As described elsewhere in this website, especially regarding regression (see ANOVA using Regression), it is common to create dummy (or tag) coding for categorical variables. We have employed both the usual coding (using 1 and 0) as well as the alternative coding (using 1, 0, -1).
On this webpage we show how to create the dummy coding using worksheetl functions found in the Real Statistics Resource Pack.
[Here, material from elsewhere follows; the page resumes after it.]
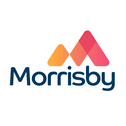 Morrisby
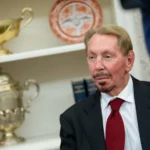 2025/12 — dúvidas sobre apoio de bilionário na paramount impulsionam acordo da warner com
We also demonstrate an even more straightforward coding, called the simple coding, where categories such as Democrat, Republican, Independent are coded as 0, 1, 2.
Worksheet Functions
Real Statistics Functions: The following array functions are provided by the Real Statistics Resource Pack.
CATCODE(R1): If R1 is an m × n array then this function returns an m × n array with the simple coding of the corresponding cell in R1, i.e. a number from 0 to k–1 where k = the number of unique values in R1 (the numbering is in the order of the first appearance of that unique value in R1).
TAGCODE (R1, b, last): if R1 is an m × 1 column range with k unique values, then this function returns an m × (k–1) range with the dummy coding of the values in R1 using the 1/0 coding when b = TRUE (the default) and the 1/0/-1 coding when b = FALSE. If last = TRUE (default), reference code is last unique element in R1; otherwise, the first element in R1 is used.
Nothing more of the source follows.